The mayor was reported as saying she’s heard a clear message from residents of communities most impacted by violence: “Please, mayor don’t walk away from us.”
Lightfoot said while those may not be the people actively protesting, “they are very much concerned about what’s happening in their neighborhoods. So we have to come up with the plan that is also responsive to them,” the Sun Times reported.
On Monday, Pittman said, “We are the ones who’ve been in the community and meeting with the community. So, who is she talking to?”
Frank Chapman told the crowd, “What we’re doing here is unprecedented in the history of this country.”
He said this is the first time a city council anywhere has taken up an ordinance of this type and magnitude “with even the possibility of passing it.”

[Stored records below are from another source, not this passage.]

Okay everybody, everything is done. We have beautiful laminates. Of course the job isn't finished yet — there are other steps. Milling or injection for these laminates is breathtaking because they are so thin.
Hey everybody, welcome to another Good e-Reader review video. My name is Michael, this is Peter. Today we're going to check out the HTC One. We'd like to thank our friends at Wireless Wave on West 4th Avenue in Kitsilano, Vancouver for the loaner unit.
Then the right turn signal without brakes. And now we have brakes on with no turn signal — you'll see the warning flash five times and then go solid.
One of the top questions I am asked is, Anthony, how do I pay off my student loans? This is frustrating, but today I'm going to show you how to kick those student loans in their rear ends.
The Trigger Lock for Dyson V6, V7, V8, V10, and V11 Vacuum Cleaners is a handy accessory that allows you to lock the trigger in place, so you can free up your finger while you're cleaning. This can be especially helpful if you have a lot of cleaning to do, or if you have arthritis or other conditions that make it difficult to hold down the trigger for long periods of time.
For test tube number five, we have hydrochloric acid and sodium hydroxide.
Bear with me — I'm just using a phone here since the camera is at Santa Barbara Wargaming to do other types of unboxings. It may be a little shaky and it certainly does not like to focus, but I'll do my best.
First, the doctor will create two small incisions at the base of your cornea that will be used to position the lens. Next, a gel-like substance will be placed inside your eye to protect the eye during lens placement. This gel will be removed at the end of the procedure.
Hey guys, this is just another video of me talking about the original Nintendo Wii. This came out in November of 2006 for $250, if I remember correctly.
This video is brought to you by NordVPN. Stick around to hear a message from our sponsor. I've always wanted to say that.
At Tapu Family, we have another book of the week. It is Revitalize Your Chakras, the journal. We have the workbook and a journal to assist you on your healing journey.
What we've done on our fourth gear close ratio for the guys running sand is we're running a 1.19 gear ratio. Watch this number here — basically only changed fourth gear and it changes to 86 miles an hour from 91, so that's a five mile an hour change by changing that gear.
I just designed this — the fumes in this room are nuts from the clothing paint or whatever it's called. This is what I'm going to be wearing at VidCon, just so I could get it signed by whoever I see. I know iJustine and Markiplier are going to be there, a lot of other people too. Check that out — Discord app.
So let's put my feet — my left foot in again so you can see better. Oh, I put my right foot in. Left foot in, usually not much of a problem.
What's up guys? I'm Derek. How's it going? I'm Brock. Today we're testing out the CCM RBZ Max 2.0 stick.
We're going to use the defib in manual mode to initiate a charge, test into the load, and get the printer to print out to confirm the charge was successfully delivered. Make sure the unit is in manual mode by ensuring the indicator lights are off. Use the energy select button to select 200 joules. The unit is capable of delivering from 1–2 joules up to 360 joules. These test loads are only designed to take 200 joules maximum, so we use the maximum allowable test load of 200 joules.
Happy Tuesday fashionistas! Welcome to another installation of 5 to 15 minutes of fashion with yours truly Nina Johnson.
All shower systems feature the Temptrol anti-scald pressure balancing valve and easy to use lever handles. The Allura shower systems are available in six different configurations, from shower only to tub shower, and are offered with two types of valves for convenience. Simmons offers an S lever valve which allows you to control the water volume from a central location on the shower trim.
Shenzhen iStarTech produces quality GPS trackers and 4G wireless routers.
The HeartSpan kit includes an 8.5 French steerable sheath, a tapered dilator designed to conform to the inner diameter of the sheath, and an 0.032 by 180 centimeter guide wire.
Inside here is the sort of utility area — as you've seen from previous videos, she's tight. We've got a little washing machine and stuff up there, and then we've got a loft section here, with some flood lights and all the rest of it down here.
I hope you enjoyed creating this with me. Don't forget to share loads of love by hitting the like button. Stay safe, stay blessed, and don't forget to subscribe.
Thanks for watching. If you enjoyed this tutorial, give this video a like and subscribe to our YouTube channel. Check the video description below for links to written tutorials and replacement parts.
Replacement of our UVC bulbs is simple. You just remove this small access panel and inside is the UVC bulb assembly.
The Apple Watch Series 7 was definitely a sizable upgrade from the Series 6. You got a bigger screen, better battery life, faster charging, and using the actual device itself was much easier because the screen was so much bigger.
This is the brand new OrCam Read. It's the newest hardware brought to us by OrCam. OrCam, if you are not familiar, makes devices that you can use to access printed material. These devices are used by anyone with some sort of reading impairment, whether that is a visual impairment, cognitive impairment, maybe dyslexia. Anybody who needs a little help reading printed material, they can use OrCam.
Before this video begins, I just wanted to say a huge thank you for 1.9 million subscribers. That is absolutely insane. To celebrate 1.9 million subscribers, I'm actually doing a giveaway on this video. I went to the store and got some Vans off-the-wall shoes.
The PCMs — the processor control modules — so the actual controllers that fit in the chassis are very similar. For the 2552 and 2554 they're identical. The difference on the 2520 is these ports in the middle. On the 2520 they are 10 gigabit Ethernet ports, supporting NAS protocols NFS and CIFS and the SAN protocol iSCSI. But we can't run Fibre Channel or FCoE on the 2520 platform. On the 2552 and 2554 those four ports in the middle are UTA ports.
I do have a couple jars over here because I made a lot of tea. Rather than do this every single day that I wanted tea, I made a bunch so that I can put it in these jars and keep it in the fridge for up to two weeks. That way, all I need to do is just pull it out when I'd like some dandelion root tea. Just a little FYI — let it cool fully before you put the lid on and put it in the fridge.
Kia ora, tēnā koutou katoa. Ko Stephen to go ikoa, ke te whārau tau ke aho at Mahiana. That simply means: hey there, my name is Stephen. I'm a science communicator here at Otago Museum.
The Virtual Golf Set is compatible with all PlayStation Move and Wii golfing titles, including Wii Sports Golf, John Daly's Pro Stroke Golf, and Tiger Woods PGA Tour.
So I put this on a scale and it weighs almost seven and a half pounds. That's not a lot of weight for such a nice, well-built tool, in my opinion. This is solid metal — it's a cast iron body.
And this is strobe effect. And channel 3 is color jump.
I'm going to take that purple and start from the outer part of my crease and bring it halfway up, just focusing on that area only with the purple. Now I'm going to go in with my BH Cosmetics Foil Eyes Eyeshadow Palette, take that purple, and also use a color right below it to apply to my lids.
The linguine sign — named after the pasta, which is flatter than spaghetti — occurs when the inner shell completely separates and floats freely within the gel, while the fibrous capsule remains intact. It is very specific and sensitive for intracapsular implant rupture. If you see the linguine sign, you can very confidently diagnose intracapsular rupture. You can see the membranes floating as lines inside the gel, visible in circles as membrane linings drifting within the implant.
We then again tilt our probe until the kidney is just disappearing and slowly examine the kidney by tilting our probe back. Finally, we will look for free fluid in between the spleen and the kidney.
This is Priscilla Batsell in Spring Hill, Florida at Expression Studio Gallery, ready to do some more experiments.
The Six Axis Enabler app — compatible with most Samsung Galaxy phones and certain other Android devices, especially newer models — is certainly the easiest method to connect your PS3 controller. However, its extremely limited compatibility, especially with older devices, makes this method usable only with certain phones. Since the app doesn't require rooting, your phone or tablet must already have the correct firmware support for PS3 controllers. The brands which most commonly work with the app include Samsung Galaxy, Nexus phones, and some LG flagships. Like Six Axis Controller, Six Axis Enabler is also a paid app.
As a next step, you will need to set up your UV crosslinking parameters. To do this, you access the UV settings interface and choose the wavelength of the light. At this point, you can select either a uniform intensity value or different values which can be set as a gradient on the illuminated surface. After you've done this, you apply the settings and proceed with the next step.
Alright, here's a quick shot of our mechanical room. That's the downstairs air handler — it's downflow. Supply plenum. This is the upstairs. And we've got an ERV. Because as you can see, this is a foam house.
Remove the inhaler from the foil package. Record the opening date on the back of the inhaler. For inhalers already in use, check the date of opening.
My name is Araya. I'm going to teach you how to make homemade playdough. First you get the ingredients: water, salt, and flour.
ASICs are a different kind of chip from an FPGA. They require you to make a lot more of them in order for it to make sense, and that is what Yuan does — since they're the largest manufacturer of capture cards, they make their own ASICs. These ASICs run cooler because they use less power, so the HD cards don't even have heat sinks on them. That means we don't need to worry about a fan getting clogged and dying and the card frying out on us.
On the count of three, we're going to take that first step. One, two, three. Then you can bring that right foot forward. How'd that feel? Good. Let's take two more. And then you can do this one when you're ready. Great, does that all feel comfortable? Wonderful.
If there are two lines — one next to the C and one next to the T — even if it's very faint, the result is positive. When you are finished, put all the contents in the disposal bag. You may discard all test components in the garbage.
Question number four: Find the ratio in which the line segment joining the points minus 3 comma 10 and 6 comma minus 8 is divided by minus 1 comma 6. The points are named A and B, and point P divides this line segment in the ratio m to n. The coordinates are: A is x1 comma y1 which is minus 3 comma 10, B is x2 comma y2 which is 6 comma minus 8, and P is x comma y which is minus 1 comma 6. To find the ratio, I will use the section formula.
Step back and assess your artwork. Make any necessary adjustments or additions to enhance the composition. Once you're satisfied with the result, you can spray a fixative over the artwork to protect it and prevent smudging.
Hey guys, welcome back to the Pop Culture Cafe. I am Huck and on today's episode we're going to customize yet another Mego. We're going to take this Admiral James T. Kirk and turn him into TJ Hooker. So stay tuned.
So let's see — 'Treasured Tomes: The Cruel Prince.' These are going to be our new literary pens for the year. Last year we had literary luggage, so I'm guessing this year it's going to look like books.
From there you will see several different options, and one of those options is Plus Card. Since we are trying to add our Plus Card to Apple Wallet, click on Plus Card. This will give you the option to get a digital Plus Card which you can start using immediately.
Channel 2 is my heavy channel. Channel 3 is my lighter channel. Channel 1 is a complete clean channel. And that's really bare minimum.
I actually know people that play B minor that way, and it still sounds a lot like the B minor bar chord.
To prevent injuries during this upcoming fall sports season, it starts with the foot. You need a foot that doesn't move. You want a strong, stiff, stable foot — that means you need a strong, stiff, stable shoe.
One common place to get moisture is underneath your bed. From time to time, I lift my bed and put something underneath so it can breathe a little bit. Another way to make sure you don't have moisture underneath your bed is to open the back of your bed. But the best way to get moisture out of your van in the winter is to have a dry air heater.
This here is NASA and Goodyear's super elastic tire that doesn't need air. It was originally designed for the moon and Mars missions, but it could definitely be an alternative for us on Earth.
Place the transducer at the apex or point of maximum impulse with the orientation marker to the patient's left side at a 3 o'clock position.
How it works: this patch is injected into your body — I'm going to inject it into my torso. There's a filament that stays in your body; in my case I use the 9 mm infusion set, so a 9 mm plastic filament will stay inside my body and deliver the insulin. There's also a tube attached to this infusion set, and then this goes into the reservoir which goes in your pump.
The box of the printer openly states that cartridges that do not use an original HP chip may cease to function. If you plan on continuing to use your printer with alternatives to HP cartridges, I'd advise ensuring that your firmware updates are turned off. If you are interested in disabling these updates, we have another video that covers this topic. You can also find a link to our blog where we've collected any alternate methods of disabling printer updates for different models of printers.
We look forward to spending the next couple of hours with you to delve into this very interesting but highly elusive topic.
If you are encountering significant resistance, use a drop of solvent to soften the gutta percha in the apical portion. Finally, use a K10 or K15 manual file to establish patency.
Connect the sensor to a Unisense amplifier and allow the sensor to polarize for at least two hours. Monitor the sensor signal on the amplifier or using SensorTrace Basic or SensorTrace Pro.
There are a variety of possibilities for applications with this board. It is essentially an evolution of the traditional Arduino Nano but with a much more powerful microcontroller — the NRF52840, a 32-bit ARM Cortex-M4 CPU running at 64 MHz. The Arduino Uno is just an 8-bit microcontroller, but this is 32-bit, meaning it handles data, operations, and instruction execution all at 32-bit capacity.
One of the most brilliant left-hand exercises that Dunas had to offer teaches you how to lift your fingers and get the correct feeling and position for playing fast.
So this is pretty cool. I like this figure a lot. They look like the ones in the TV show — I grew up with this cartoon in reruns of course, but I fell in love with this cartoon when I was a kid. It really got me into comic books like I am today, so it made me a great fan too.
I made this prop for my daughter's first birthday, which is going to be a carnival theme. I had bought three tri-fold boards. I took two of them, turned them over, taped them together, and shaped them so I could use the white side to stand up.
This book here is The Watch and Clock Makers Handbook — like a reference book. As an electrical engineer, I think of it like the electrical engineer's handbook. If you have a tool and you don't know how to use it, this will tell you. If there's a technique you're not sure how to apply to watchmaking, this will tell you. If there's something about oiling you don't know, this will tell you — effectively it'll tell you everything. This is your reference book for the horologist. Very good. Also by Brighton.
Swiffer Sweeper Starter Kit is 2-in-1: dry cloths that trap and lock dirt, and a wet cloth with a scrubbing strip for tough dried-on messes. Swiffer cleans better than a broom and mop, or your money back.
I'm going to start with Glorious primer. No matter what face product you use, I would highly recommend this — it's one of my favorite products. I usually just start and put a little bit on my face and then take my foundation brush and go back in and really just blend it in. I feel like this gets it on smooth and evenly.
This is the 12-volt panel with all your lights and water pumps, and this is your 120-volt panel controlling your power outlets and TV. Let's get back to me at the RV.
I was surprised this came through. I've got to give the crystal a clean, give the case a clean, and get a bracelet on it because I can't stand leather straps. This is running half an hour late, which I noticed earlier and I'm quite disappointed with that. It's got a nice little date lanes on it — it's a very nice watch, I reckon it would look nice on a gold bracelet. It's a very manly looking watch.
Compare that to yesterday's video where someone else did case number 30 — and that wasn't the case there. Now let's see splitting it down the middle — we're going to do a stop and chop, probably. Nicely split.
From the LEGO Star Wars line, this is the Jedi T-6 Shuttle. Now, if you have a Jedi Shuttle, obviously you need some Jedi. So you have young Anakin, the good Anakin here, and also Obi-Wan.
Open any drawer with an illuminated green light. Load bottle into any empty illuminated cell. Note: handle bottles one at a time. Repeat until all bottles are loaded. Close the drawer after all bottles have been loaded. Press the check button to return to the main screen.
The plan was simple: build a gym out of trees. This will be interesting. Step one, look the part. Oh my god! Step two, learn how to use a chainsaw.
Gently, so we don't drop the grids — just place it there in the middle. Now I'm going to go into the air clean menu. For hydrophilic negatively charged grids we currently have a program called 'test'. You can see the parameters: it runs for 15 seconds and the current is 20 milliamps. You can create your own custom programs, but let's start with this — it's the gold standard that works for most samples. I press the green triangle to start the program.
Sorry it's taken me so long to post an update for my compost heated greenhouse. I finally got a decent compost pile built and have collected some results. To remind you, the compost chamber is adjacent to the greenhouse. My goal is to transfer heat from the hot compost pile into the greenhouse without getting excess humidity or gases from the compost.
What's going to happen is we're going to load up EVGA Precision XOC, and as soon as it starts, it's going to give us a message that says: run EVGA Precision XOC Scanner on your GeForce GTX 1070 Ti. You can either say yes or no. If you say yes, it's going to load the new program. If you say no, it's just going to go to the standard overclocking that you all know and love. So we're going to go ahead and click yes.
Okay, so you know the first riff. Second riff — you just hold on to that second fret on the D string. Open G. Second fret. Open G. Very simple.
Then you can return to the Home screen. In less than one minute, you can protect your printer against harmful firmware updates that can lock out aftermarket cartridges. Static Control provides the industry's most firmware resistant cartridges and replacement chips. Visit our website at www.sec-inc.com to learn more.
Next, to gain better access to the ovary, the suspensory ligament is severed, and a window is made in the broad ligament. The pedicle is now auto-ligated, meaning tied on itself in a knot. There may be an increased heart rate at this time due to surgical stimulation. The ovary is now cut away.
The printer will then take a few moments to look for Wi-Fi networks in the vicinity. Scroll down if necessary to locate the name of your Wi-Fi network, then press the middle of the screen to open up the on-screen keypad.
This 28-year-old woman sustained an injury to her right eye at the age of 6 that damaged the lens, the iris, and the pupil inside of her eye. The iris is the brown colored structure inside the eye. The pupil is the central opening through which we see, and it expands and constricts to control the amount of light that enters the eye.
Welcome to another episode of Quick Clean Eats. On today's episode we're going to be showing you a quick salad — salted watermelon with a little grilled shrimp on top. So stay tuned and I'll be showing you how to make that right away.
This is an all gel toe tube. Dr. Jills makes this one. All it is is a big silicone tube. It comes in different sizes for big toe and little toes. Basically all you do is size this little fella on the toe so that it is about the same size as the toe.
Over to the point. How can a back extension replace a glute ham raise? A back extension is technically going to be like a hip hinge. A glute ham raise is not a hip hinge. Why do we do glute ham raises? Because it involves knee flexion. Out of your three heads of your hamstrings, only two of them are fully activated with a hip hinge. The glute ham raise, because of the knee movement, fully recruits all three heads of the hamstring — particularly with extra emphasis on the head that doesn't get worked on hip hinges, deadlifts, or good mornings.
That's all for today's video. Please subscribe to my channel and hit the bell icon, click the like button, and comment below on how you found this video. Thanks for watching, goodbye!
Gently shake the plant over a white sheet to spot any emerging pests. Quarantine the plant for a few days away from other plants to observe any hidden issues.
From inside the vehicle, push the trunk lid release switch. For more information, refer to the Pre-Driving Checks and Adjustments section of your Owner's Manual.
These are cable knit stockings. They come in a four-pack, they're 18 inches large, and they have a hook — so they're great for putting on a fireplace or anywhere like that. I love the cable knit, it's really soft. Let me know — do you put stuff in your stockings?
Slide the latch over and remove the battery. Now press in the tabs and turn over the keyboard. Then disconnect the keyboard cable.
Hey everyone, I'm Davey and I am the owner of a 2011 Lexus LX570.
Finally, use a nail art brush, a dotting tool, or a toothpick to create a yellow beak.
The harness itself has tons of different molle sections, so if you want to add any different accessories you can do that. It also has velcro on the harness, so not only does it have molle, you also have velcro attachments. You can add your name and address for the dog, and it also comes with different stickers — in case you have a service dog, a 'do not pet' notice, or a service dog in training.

The demonstrators had gathered because “we the people are deciding to take power,” Chapman said. “We are not begging for anybody to pass this ordinance. We are not begging for justice. We are demanding justice.
“And you can do it. People can do it,” he said.
The demonstration came just hours after Chicago’s City Council’s Black Caucus voted to endorse the plan, the Sun Times reported.
In an interview, protest leader Guillory said the proposed ordinance “is something that was put together by hundreds of community organizations and thousands of people. Legal experts, organizers, activists, family members of people who’ve been harmed by the police. This is possibly the most transformative police reform in the history of this country.”
The plan is a combination of two previously opposing proposals from the Civilian Police Accountability Council and Grassroots Alliance for Police Accountability.
If approved by the city council, the binding referendum would come before Chicago voters in the 2022 primary.
ECPS would establish an 11-person oversight commission made up of nine elected members and two mayoral appointees.
The oversight commission would have powers to hire and fire the head of the Chicago Police Department, negotiate police contracts and set the police department’s budget, taking those powers out of the hands of the mayor and aldermen.
“We’re getting this thing passed. And that’s what we’re here to say, with or without Ald. Taliaferro, we’ll get it passed,” Guillory said.